There is no solution to this problem within the Jekyll framework. Each output file is created from several input files, so you could imagine setting the timestamp of each output file to be the maximum timestamp from all of the input files. But the input files often live on several computers and/or in a git repository, which makes the timestamp of the input files both ambiguous and worthless. In these circumstances, the timestamp of a file is not the same as the last modified time of the actual data. The only way to preserve the latter is through some external database, the avoidance of which is essentially Jekyll’s raison d’être.
Rsync complications
I can overlook the fact that the file metadata on my web server is meaningless, but I have a harder time ignoring the slow deployment this causes. My academic website currently has 43 megabytes in 434 files, all but 400 kilobytes is archival stuff that never changes, and usually I am only changing a few files at a time.
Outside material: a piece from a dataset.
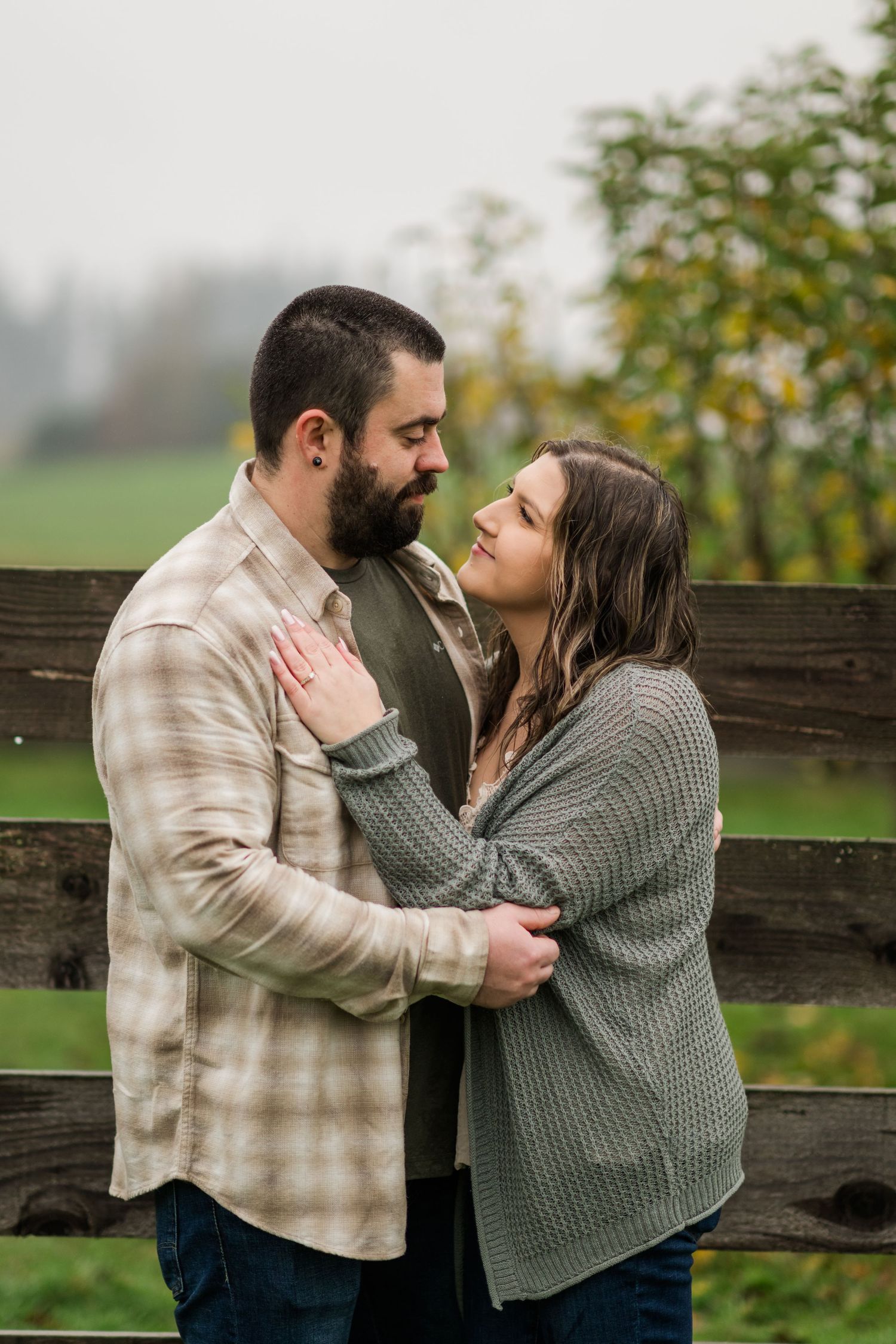 A bearded man and woman share a tender moment by a wooden fence on a farm.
Nevertheless, rsync usually takes 15 seconds, even if I am transferring within the campus network.
I have two sets of files. I want to take all the differences from my local set and send them to the server set. For each pair of files, rsync checks that the sizes and modification times match, and if not, it copies the local file to the server. It has an efficient copy mechanism, so if the files are identical despite having different modification times, very little data is sent. If a large file has only changed in a few places, only the changed chunks are sent.
If you use Jekyll, the modification times never match, so all files are always copied, albeit in an efficient manner. Despite the efficient transfer mechanism, this is slow.
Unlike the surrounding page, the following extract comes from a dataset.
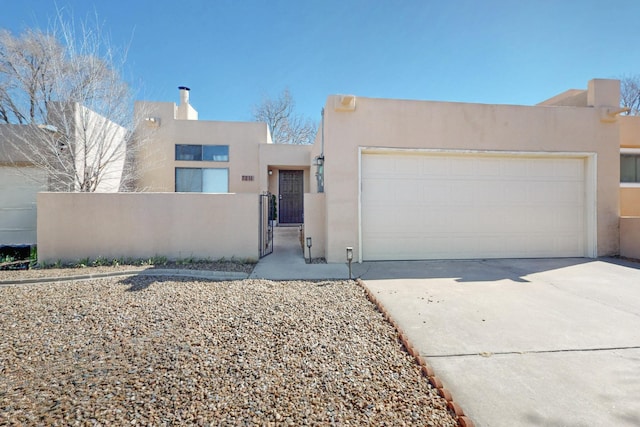 adobe home with an attached garage, fence, concrete driveway, a gate, and stucco siding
The correct way to use rsync with Jekyll
What you want is for rsync to compute and compare checksums for each pair of files, and only transfer files which have different checksums. You can do this by using the --checksum (or -c) option. Despite a warning from the rsync manual that “this option can be quite slow”, it reduced my transfer time from 15 seconds to 2 seconds.
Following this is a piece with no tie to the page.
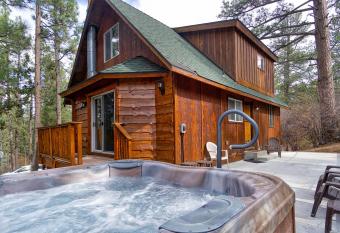 Living Log Cabin-1494 by Big Bear Vacations has rooms with a private hot tub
Here is the command I recommend to deploy a Jekyll site:
rsync --compress --recursive --checksum --delete _site/ user@host.tld:public_html/
Or, if you prefer the short version:
rsync -crz --delete _site/ user@host.tld:public_html/
More meaningful timestamps on the server
A side benefit of this tweak is that server timestamps have meaning again. If the local and server files have the same checksum, nothing is copied. The timestamp of the file on the server is now the time the file was last copied to the server.
If you use the --times (or -t) option, the server timestamps are manipulated to match the (meaningless) local file timestamps. This is not what you want.
If you use the --archive (or -a) option, which is recommended by almost every rsync tutorial out there, you are implicitly using the --times option, as -a is equivalent to -rlptgoD. This is also not what you want. For a Jekyll site, the only part of -a that you care about is the -r. So don’t use -a.
Miscellaneous notes on rsync options
- The
--itemize-changes (-i) option is a useful way of seeing what is transferred.
- The
--ignore-times (-I) option ignores timestamps, but not in the way you want. It simply copies all files no matter what (but still using the efficient transfer mechanism).
- If you leave off the
--times option and don’t use --checksum, then all files which have matching timestamps are skipped, and all other files are transferred, which changes their timestamp on the server to the current time. If you continue this over time, more and more files have different timestamps even though they are the same, which means they are copied every time.
- There is a
--size-only option which skips files if they have the same size on the local computer and the server, even if they have different modification times. You are tempting fate if you use this option.